= King Baudouin speech (13 January 1959) =

Speech by the King of the Belgians

On 13 January 1959, King Baudouin addressed the nation by radio and declared that Belgium would work towards the full independence of the Belgian Congo.

== The King's role in the independence of the Belgian Congo ==

In the early 1950s, political emancipation of the Congolese elites, let alone of the masses, seemed like a distant event. But, it was clear that the Congo could not forever remain immune from the rapid changes that, after the Second World War, profoundly affected colonialism around the world. The independence of the British, French and Dutch colonies in Asia shortly after 1945 had little immediate effect in the Congo, but in the United Nations pressure on Belgium (as on other colonial powers) increased. Belgium had ratified article 73 of the United Nations Charter, which advocated self-determination, and both superpowers put pressure on Belgium to reform its Congo policy. However, the Belgian government tried to resist what it described as 'interference' with its colonial policy.

It became increasingly evident that the Belgian government lacked a strategic long-term vision in relation to the independence of the Belgian Congo. 'Colonial affairs' did not generate much interest or political debate in Belgium, so long as the colony seemed to be thriving and calm. A notable exception was the young King Baudouin, who had succeeded his father, King Leopold III, under dramatic circumstances in 1951, when Leopold III was forced to abdicate. Baudouin took a close interest in the Belgian Congo.

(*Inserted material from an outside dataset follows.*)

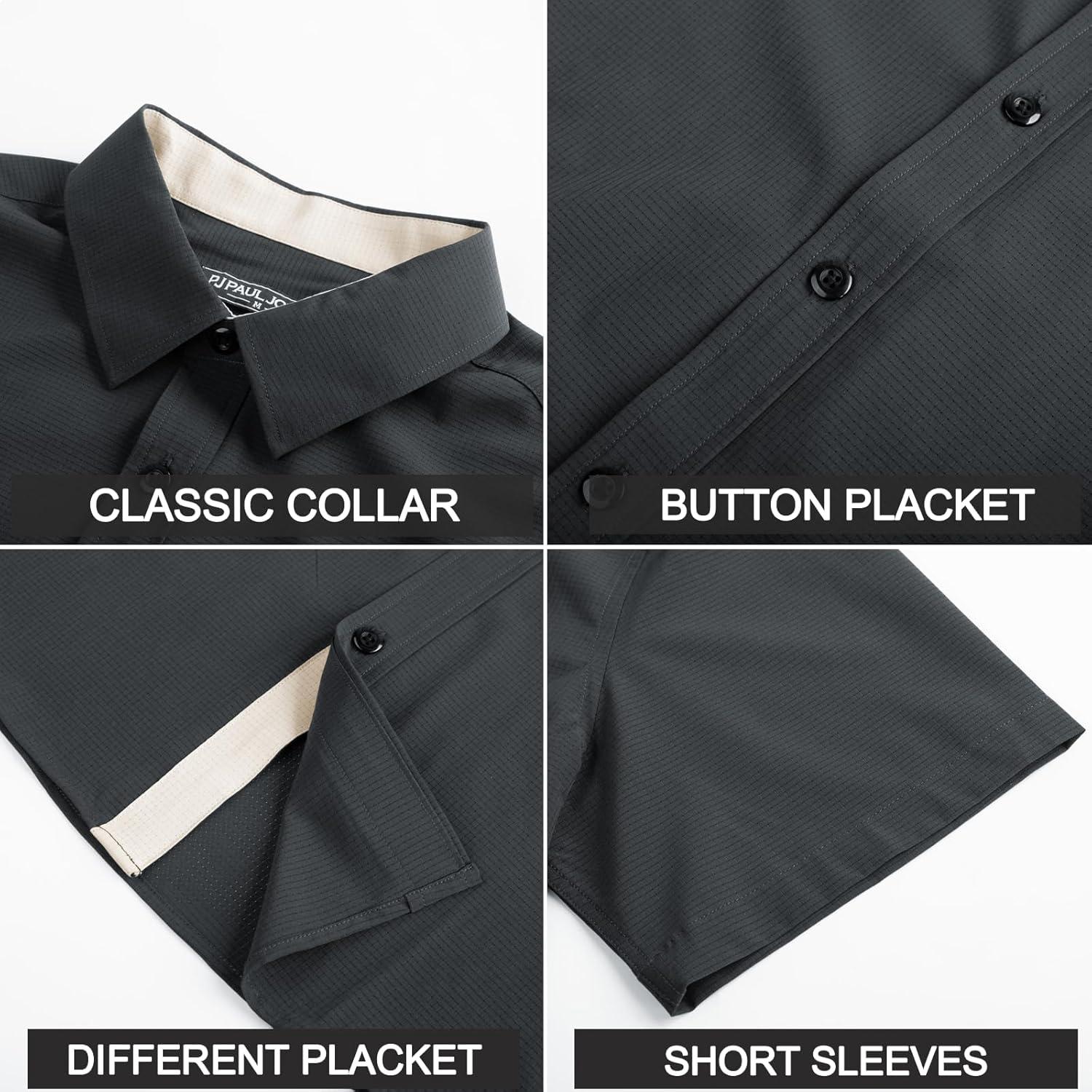 imagePJ PAUL JONES Mens Short Sleeve Button Down Casual Dress ShirtGrey Black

On his first state visit to the Belgian Congo in 1955, King Baudouin was welcomed enthusiastically by cheering crowds of whites and blacks alike, as captured in André Cauvin's documentary film, Bwana Kitoko. Foreign observers, such as the international correspondent of The Manchester Guardian or a Time journalist, remarked that Belgian paternalism "seemed to work", and contrasted Belgium's seemingly loyal and enthusiastic colonial subjects with the restless French and British colonies. On the occasion of his visit, King Baudouin openly endorsed the Governor-General's vision of a "Belgo-Congolese community"; but, in practice, this idea progressed slowly. At the same time, divisive ideological and linguistic issues in Belgium, which heretofore had been successfully kept out of the colony's affairs, began to affect the Congo as well. These included the rise of unionism among workers, the call for public (state) schools to break the missions' monopoly on education, and the call for equal treatment in the colony of both national languages: French and Dutch. Until then, French had been promoted as the unique colonial language. The Governor-General feared that such divisive issues would undermine the authority of the colonial government in the eyes of the Congolese, while also diverting attention from the more pressing need for true emancipation.

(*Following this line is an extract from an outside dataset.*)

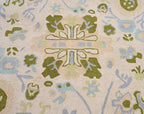 Handmade Oushak Wool Area Rug | Floral and Botanical Patterns in Soft Blue and Green | Luxurious Thick Pile for Living Room, Bedroom & Dining Room Decor (Blue & Green, 8' x 10')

===One year before independence===
While the Belgian government was debating a programme to gradually extend the political emancipation of the Congolese population, it was overtaken by events. On 4 January 1959, a prohibited political demonstration organised in Léopoldville by ABAKO got out of hand. At once, the colonial capital was in the grip of extensive rioting. It took the authorities several days to restore order and, by the most conservative count, several hundred died. The eruption of violence sent a shock-wave through the Congo and Belgium alike. On 13 January, King Baudouin addressed the nation by radio and declared that Belgium would work towards the full independence of the Congo "without delay, but also without irresponsible rashness".

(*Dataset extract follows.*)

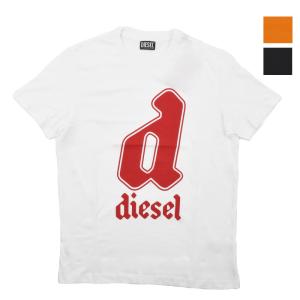 ディーゼル DIESEL Tシャツ メンズ カットソー クルーネック 半袖 ロゴT ブラック ホワイト オレンジ 黒 白 DIESEL T-DIEGOR-K54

Without committing to a specific date for independence, the government of prime minister Gaston Eyskens had a multi-year transition period in mind. They thought provincial elections would take place in December 1959, national elections in 1960 or 1961, after which administrative and political responsibilities would be gradually transferred to the Congolese, in a process presumably to be completed towards the mid-1960s. On the ground, circumstances were changing much more rapidly. Increasingly, the colonial administration saw varied forms of resistance, such as refusal to pay taxes. In some regions anarchy threatened. At the same time many Belgians resident in the Congo opposed independence, feeling betrayed by Brussels. Faced with a radicalisation of Congolese demands, the government saw the chances of a gradual and carefully planned transition dwindling rapidly.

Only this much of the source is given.